These days I spend most of my working life as a web designer, often while wearing a look of genuine bafflement that anyone will actually pay me to do anything that's so much fun. I specialise in CSS-based design and web standards – if that means anything to you – although inevitably my professional site fails to meet the standards I set myself when working on clients' sites. It looks pretty, but the code is antediluvian and it's accessible as a bramble thicket. So much to do, so little coding time!
It was a rambling, meandering route that took me here and most of what I know is self-taught, so I'm a voracious reader of anything that will teach me new stuff. Tips and tricks are great, but what I really crave are overviews and guides that give structure and shape to the whole issue of accessible web design.
All of which is a build-up to linking to one of the best I've read in a long time – read it if you build websites and either find yourself daunted by the prospect of re-learning everything you once knew to conform to web standards, or are being driven mad on the project from hell.
Lesson No. 9: In the real world, stylesheet hacks will get your project across the finish line
Yes, stylesheet hacks are mildly disrespectful to the intentions behind the underlying technology. Yes, stylesheet hacks introduce the possibility of nightmares in the wake of a major change…such as the one that will take place when Internet Explorer 7 is released. Yes, the whole subject is an uproar waiting to happen.

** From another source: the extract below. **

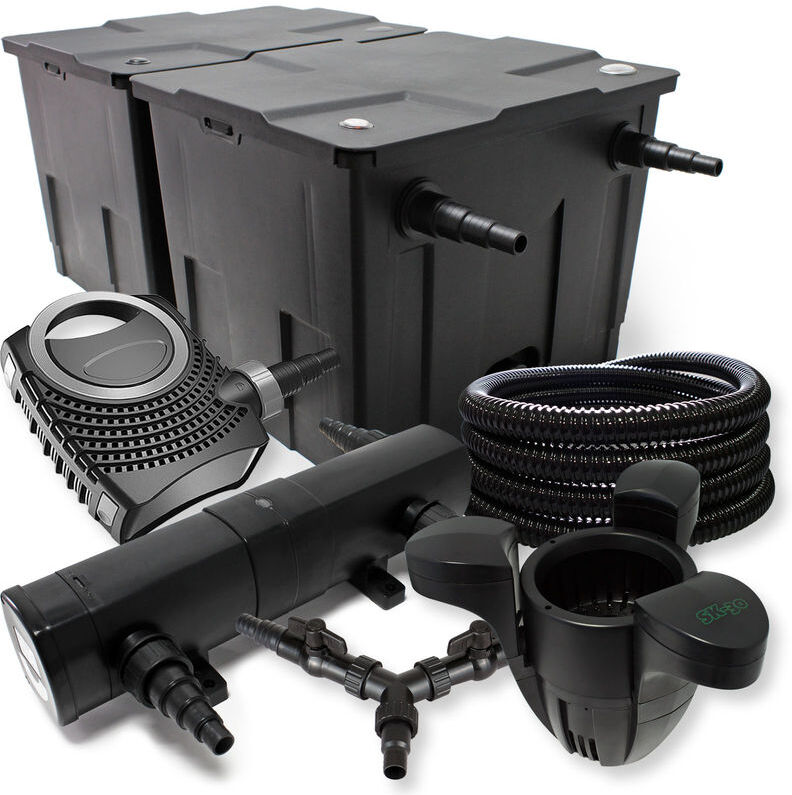 Wiltec - SUNSUN filtros 60000l Estanque 36W Clarificador neo10000 Wiltec - SUNSUN filtros 60000l Estanque 36W Clarificador neo10000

This writer takes an unambiguous attitude on the subject. Given a choice between making excuses to a client about why something looks lousy in their browser or just fixing it, the latter decision settles up a pending invoice with far less pain and delay. When used wisely and with the appropriate caveats, stylesheet hacks make life a lot easier!
It also refers to a Zeldman piece about the price of compromises that's worth a read – puts things in perspective a bit…

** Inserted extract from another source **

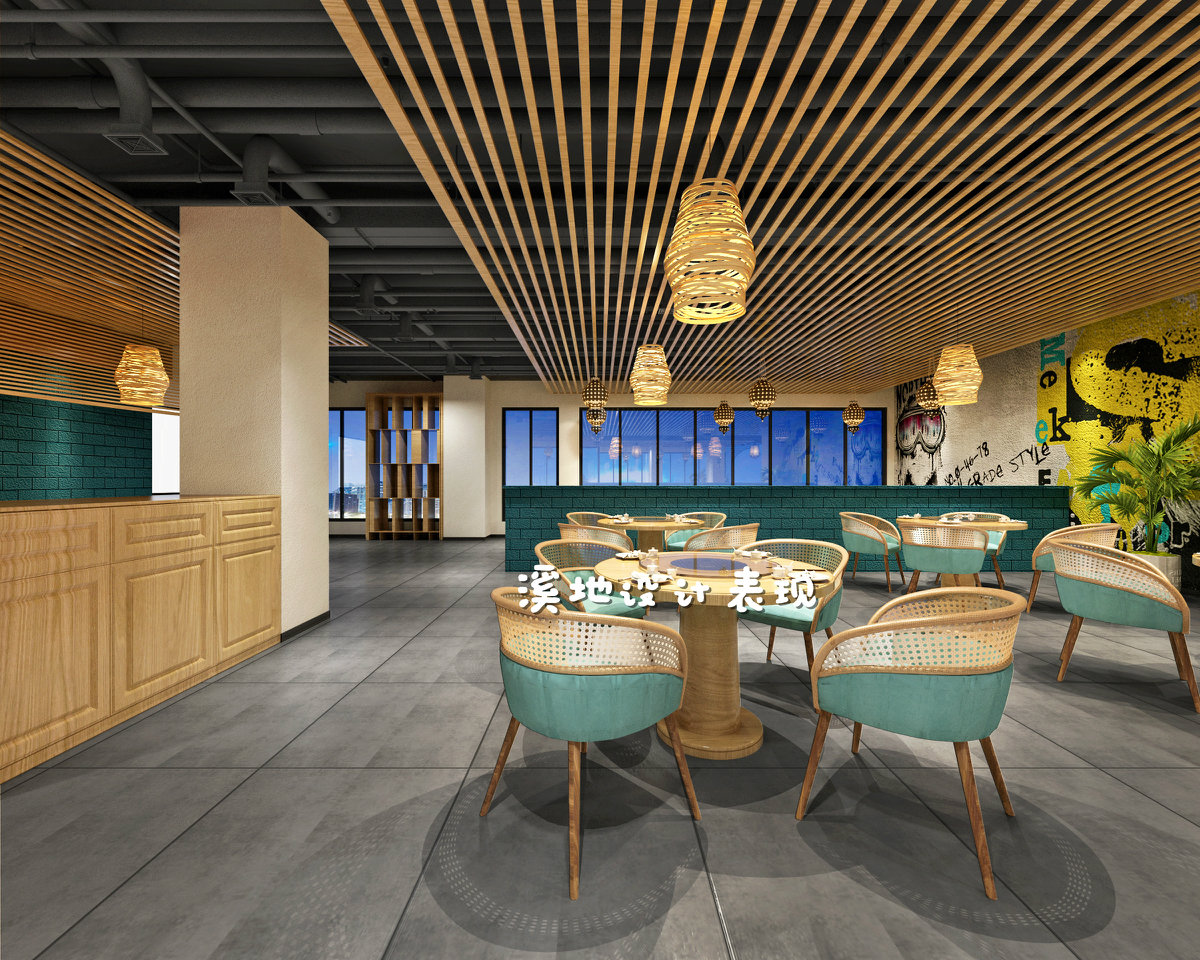 泰国餐厅，不一样的异域风情-4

We hold most of these truths
The version [of the US Declaration of Independence] in Thomas Jefferson's own hand is fascinating not only because it's in Thomas Jefferson's own hand, but also because it contains passages that would have ended slavery at the birth of the American nation. But those passages had to be deleted before the Declaration could be signed by representatives of states where slavery was practiced.
Put another way, the client bought a document intended to liberate all humanity, but demanded changes that kept part of humanity in chains.
So the next time a client requests changes that make your work less beautiful, less usable, or less smart, remember that greater people than you have lost bigger battles over far more important matters.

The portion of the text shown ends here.